La abigarrada guardia roja que finalmente se desparramó soberana por el Palacio de Invierno tuvo también para sí, por supuesto, grandes tajadas de lo que Pablo Iglesias llamó el año pasado (en la presentación de otro de esos libros académicamente sonrojantes que presentan estos tipos cada dos por tres y que sabe Dios quién comprará) «el genio bolchevique». Consigna Montefiore las palabras de Antonov-Ovseenko recogidas por Radzinsky: «La bodega de Nicolás II se jactaba de contener botellas de tokay de los tiempos de Catalina la Grande y un gran surtido de Château d´Yquem 1847, el vino favorito del emperador, pero todo el regimiento Preobrazhenski acabó totalmente borracho. El regimiento Pavlovski, nuestro baluarte revolucionario, tampoco pudo resistir la tentación. Enviamos guardias de otras unidades seleccionadas…todos acabaron completamente borrachos. Pusimos guardias de los comités de regimientos, pero también sucumbieron. Mandamos carros blindados para que ahuyentaran a la multitud, pero al cabo de un rato también éstos empezaron a caminar sospechosamente haciendo eses. Cuando cayó la noche se había desatado una violenta bacanal. Intentamos inundar de agua las bodegas…pero los bomberos…se emborracharon. Los comisarios empezaron a romper las botellas en la plaza del Palacio (sin lugar a dudas una pionera muestra de lo que Iglesias, en tono de dulce elogio, llama la «capacidad de producir orden» de los bolcheviques) pero la multitud se puso a beber del suelo. El éxtasis de alcohol infectó a toda la ciudad». 
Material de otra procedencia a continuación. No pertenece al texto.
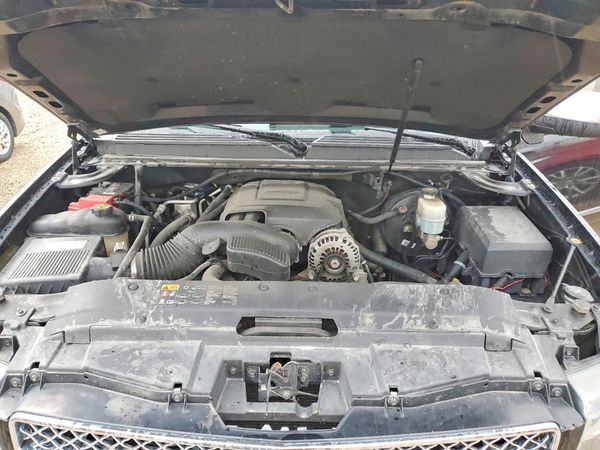 2013 CHEVROLET TAHOE LTZ — Engine bay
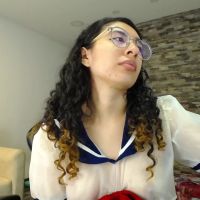 Kitty_curly
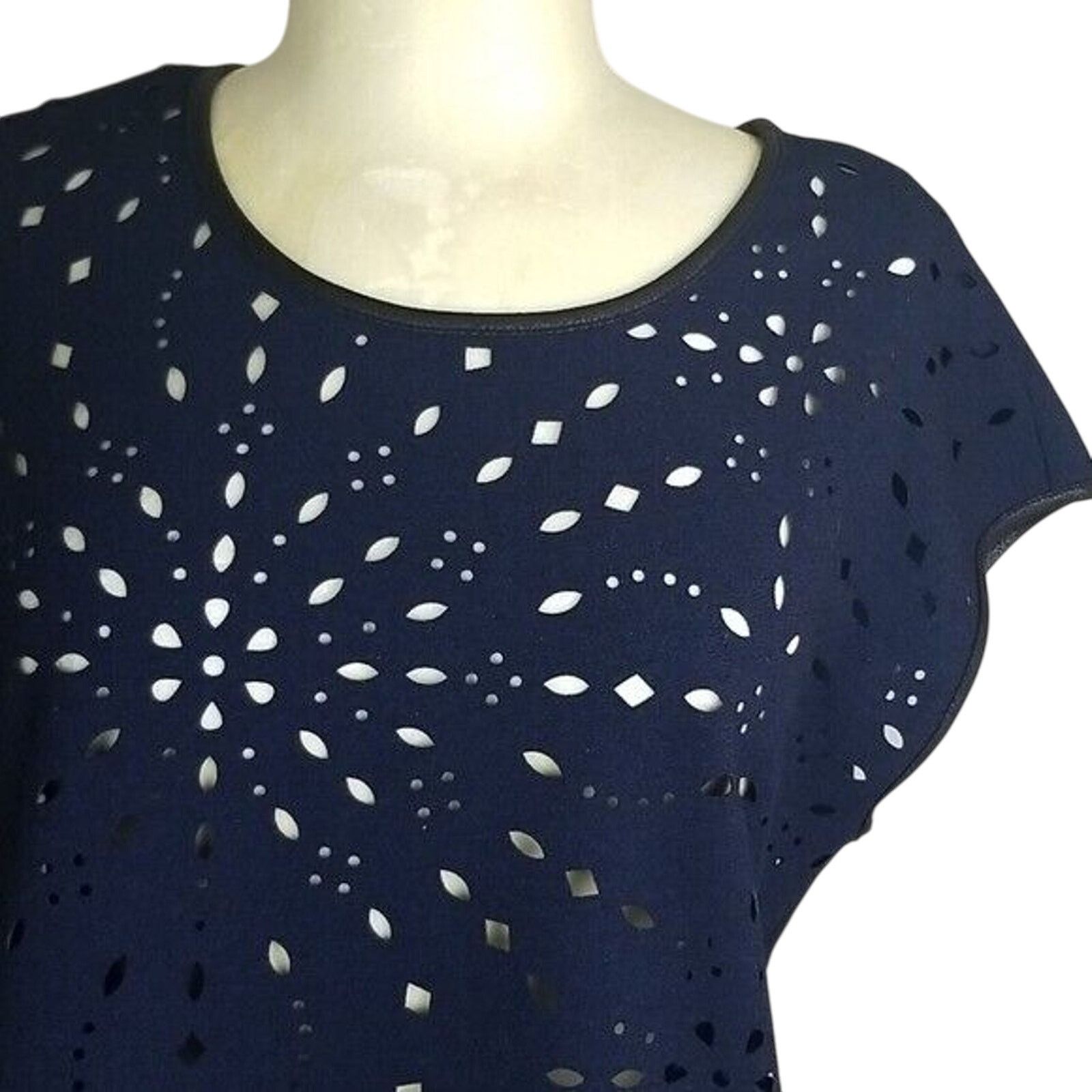 Alberto Alberto Makali Perforated Top S Whisygoth Artsy Asym Topper Size S / US 4 / IT 40 - 2 Thumbnail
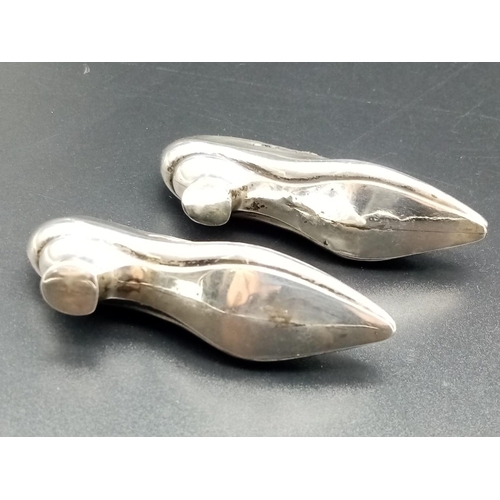 226 - Victorian silver set of a swan and a pair of shoes cushion pins , total weight 93.7g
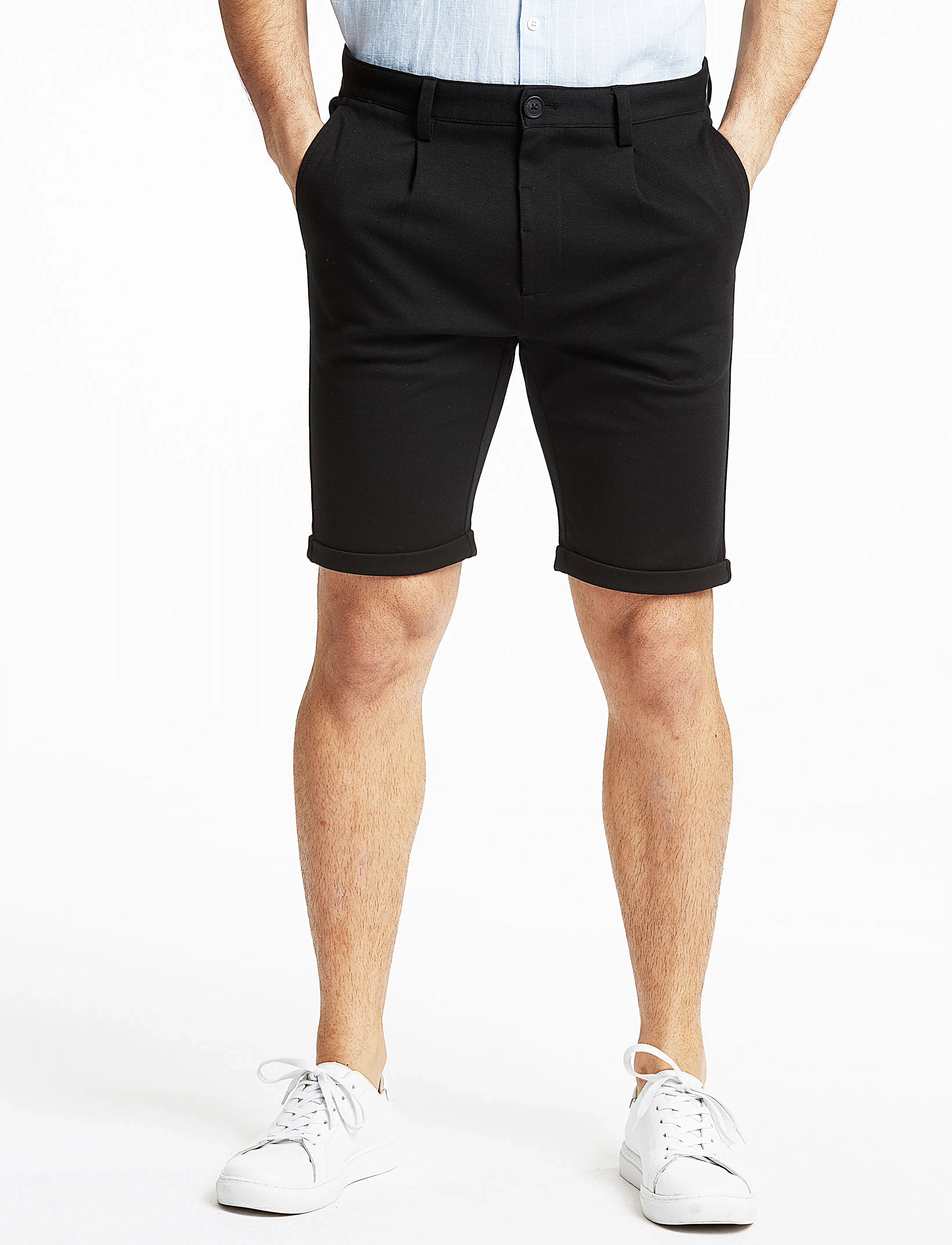 Lindbergh Pleated Shorts, 3XL, Black, Shorts > Chinoshorts, Herre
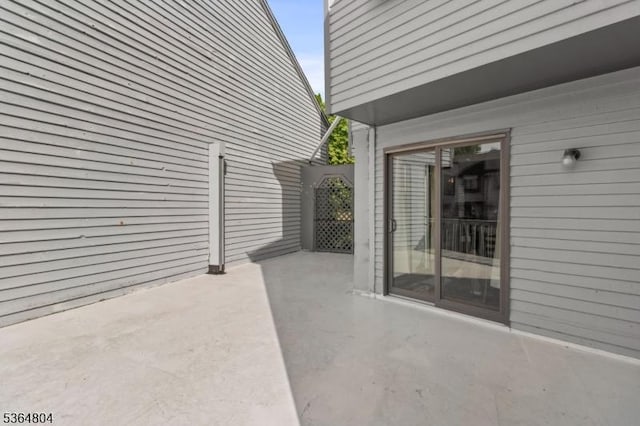 27 Delbarton Ct, Washington Twp, NJ 07840 - view of patio / terrace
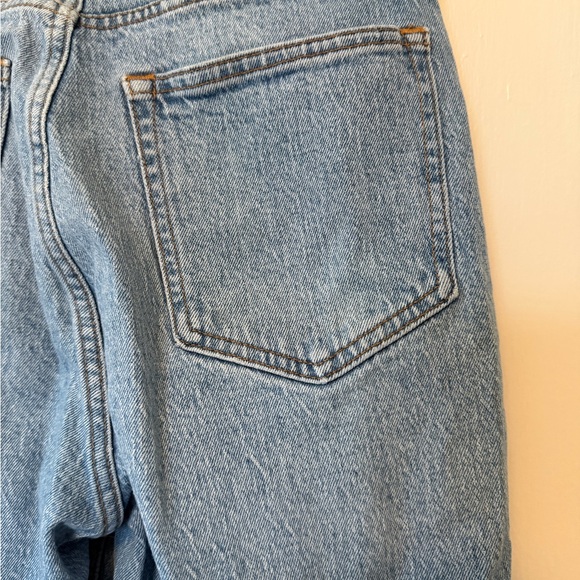 Abercrombie & Fitch 90’s Straight Ultra High Rise - Picture 4 of 6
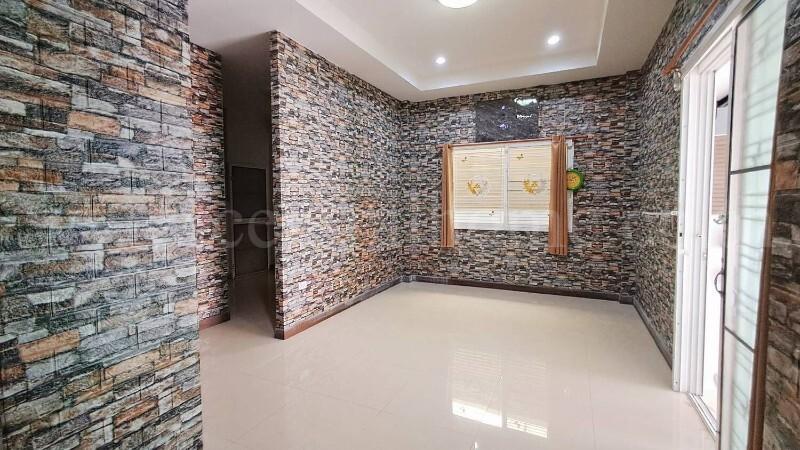 บ้านแฝด บงกช ธาราวิลล์ พานทอง สภาพใหม่ ราคาถูกที่สุดในโครงการ 5
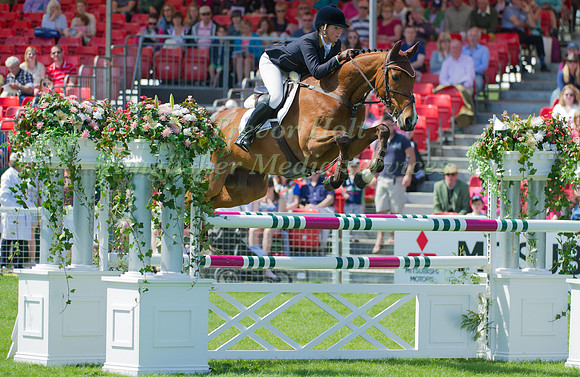 Hannah Bate and Finbury Hill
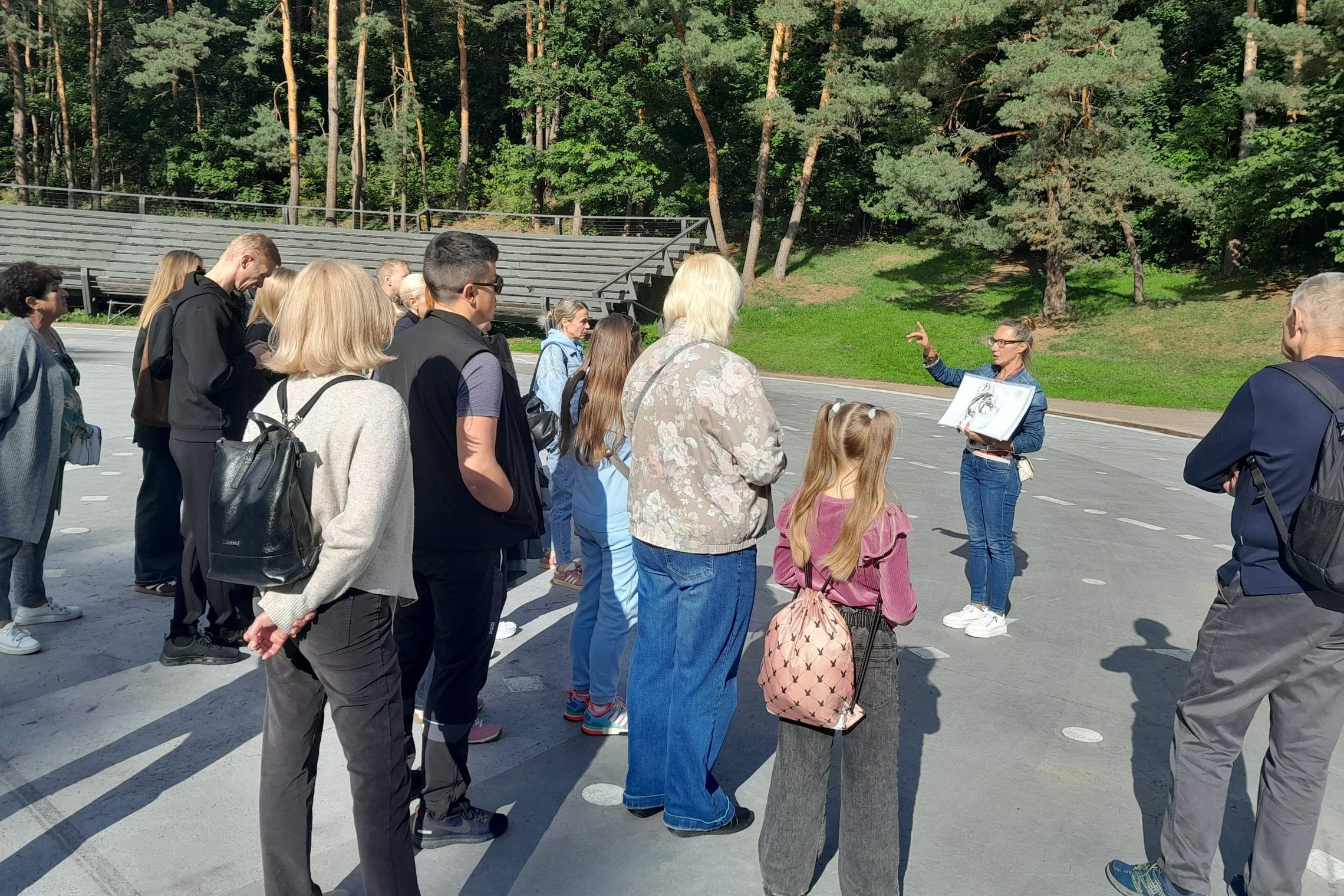 Nuotraukoje žmonės dalyvauja ekskursijoje „Pamatyti nematomą: Kreivosios pilies archeologija“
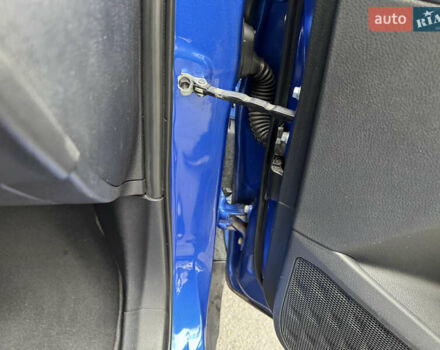 Синій Тойота C-HR, об'ємом двигуна 1.99 л та пробігом 108 тис. км за 18489 $, фото 37 на Automoto.ua
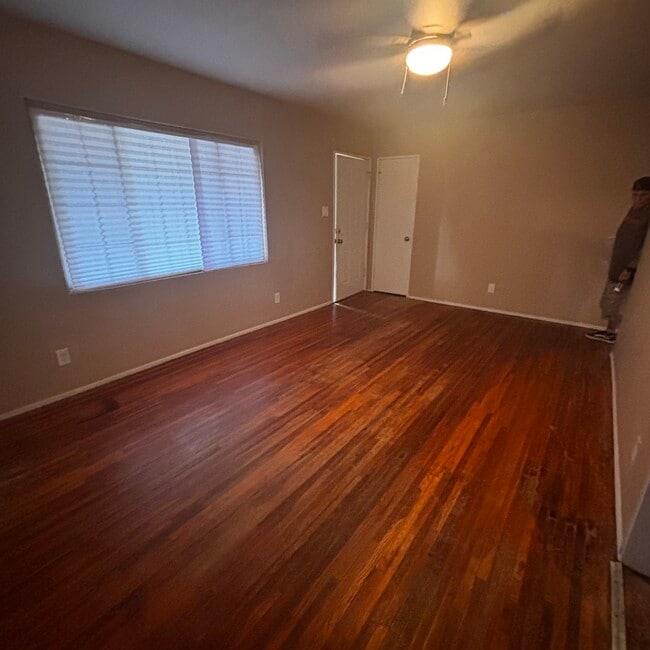 Photo - 403 W Howe St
El episodio, emperifollado impúdicamente por la propaganda comunista desde entonces, terminó de manera homérica: «En el Congreso de los Soviets fue Kamenev quien, contra su voluntad, anunció que el Palacio de Invierno había caído por fin. Sólo en ese momento Lenin se quitó la peluca, se limpió el maquillaje y apareció como líder de Rusia».